Si les grandes villes ont les ressources pour organiser une tarification sociale, c’est plus difficile pour les petites. C’est pourquoi l’État leur apporte un financement spécifique. La mise en place d’une tarification sociale des cantines, c’est donner à chaque enfant les moyens de la réussite.

A Saint-Armel il existe déjà une tarification sociale pour la restauration scolaire. Cette année, la préfecture met en place un dispositif cantine à 1€. Pour tout repas facturé 1€ maximum, la préfecture nous reverse 3€.

Il semble intéressant de faire bénéficier les familles les plus en difficultés pour deux raisons : les soutenir, et limiter les impayés pour la commune. Par ailleurs le tarif à 1€ est intéressant mais présente l’inconvénient de créer un vrai écart tarifaire avec ceux qui n’en bénéficient pas si on l’applique sans discernement. Cela peut aussi dévaloriser la valeur du repas et de l’encadrement fournis par la collectivité. C’est pourquoi, sa mise en place doit se limiter aux plus défavorisés. Le gain pour la commune qui encaissera 4€ pour un repas facturable à 3.77 pour la tranche 1, peut être mis au profit de la tranche 2 pour baisser leur participation et ainsi réduire l’écart entre les deux tranches.

C’est dans cette logique que le 1er juillet dernier, le Conseil Municipal a adopté les nouveaux tarifs suivants : On constate que pour toutes les tranches la commune apporte son soutient financier au repas des enfants.

TranchesQuotient familialTarif 2020 en €Tarif rentrée 2021 en €Part municipale en €
Tranche 1< ou = 5493,251(+3 versés par la préfecture)2,66
Tranche 2de 550 à 8493,63,43,26
Tranche 3de 850 à 11293,94,12,56
Tranche 4de 1130 à 14494,224,652,01
Tranche 5/ Non Renseigné / Hors commune>14494,435,21,46

Tarif dissuasif élève non inscrit :

La préparation des repas pour les élèves non inscrits désorganise la cuisine.
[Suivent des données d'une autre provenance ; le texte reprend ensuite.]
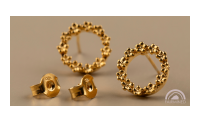 The Forget-Me-Not 'Wreath' Silver Stud Earrings layered in Fairmined Gold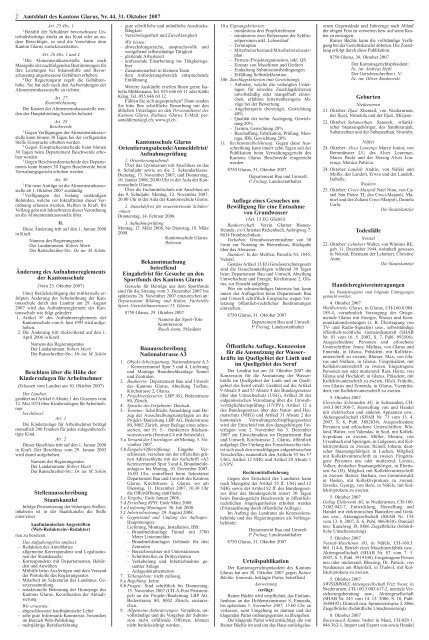 Amtsblatt des Kantons Glarus - glarus24.ch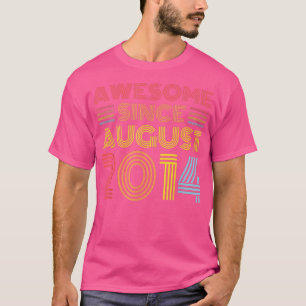 Awesome Since August 2014 8 Year Old Kids 8th Birt T-Shirt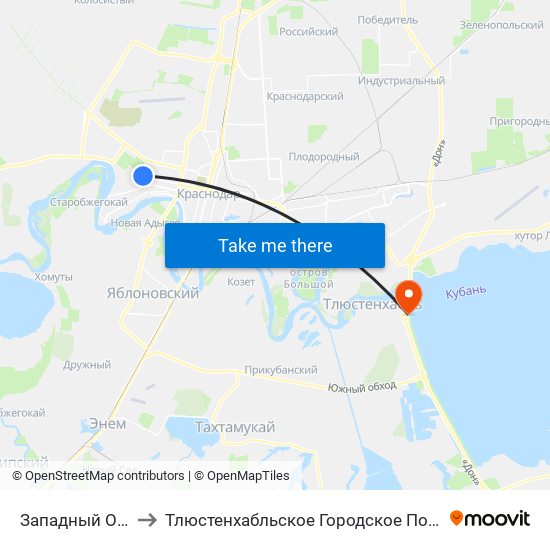 Западный Округ to Тлюстенхабльское Городское Поселение map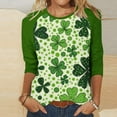 thumbnail image 2 of Saint Patricks Day Outfit Women 3/4 Sleeve Crew Neck Raglan Tee Shamrock Clover Shirt Loose Fit Soft Tops Green Irish Blouse, 2 of 7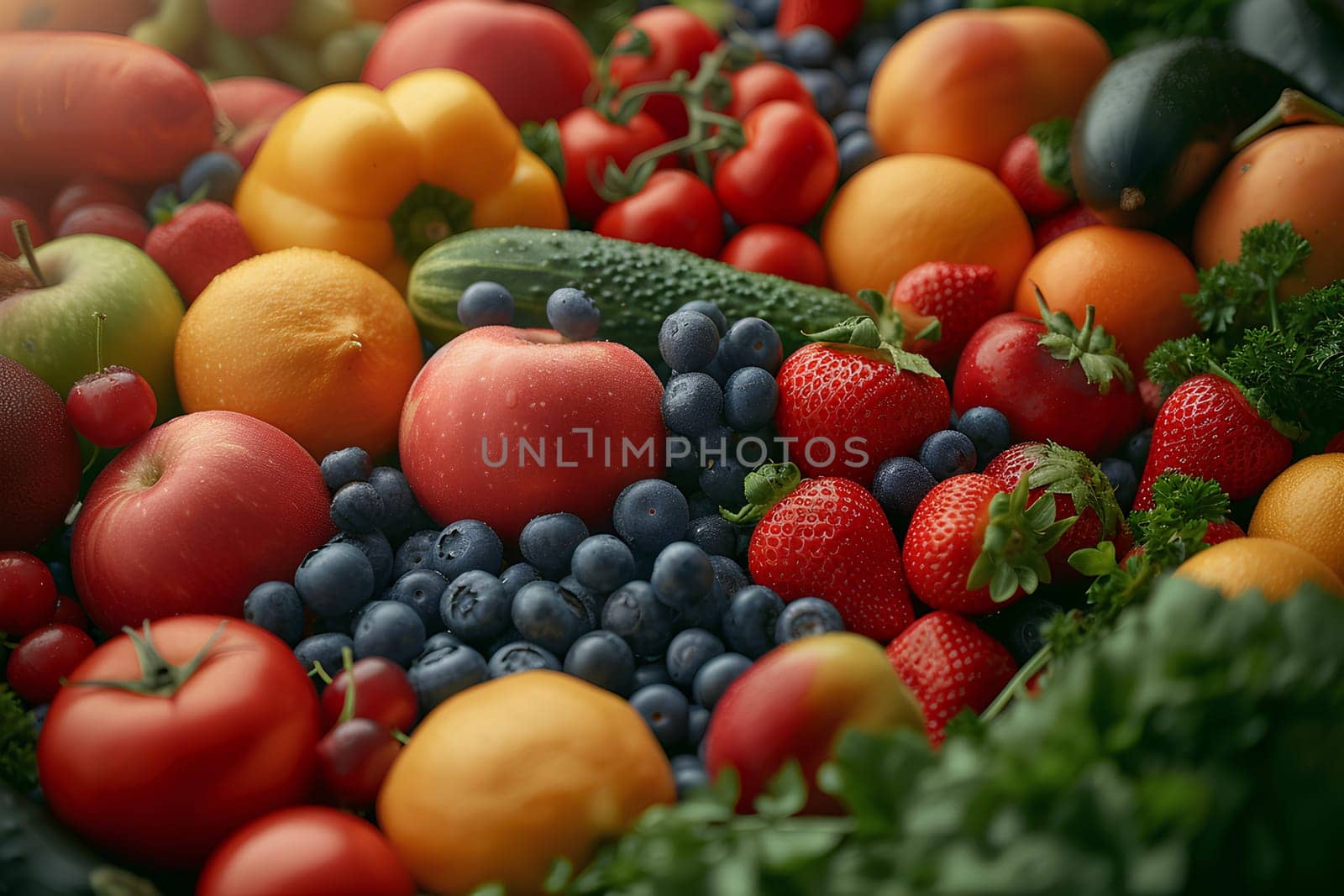 Various types of fruits and vegetables Fresh and colorful Spread across the entire picture Contains important nutrients for the body Suitable for use in making presentations about healthy food.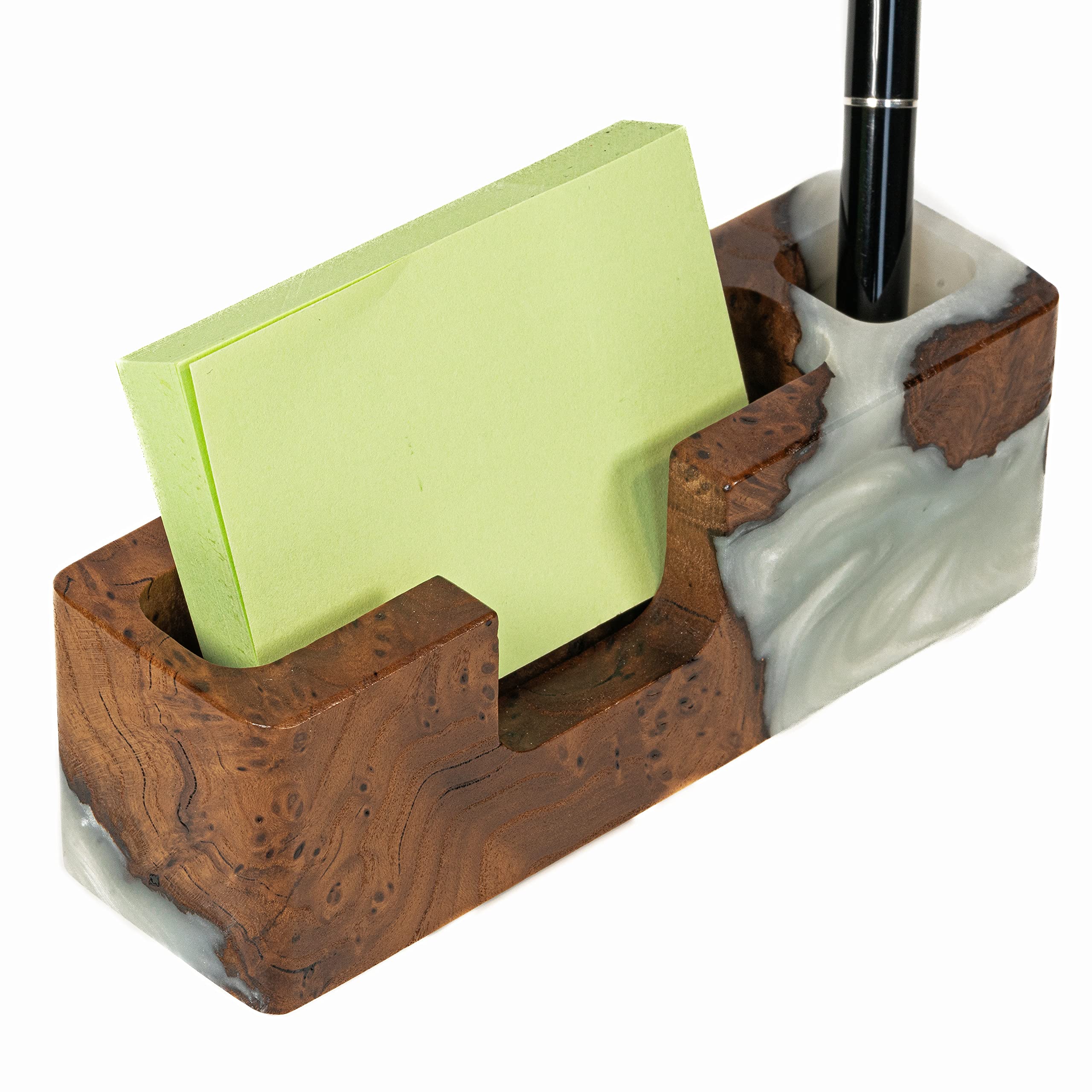 Premium Resin & Wood Office Desk Organizer Set - Unique Teacher Appreciation Gift, Graduation Gift, Administrative Professional Day Present (Platinum Set with Phone Stand & Pen/Note Holder) - Perfect for Home Office, Classroom, and Corporate Workspaces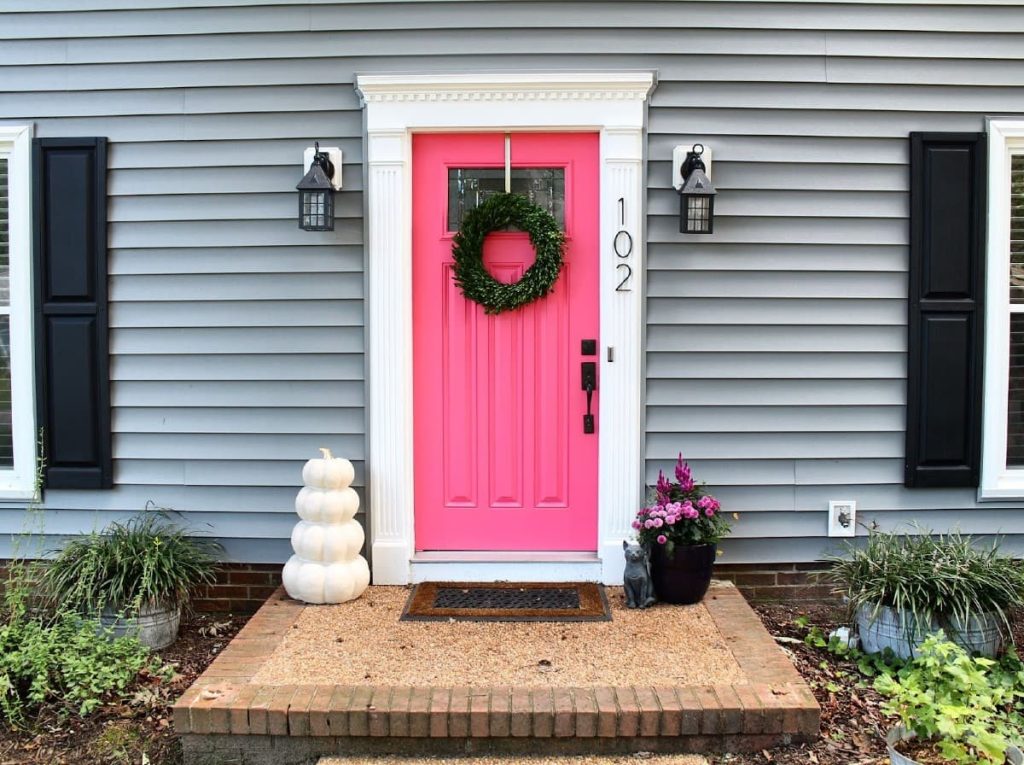 20 front door colors for gray houses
Il est donc conseillé de mettre en place une tarification dissuasive comme le font les communes de Janzé et Retiers. Ce tarif est fixé à 8€. Ainsi, à Saint-Armel, le tarif dissuasif pour retard à la garderie a vraiment permis une amélioration du respect des horaires des agents et au final ce tarif est peu appliqué. Les élèves non inscrits seront donc toujours accueillis par la cantine, mais l’ESAT ne pouvant préparer ces repas imprévus, ces enfants se verront proposer un repas-type en boîtes stockés à la cantine (betteraves/raviolis/compote).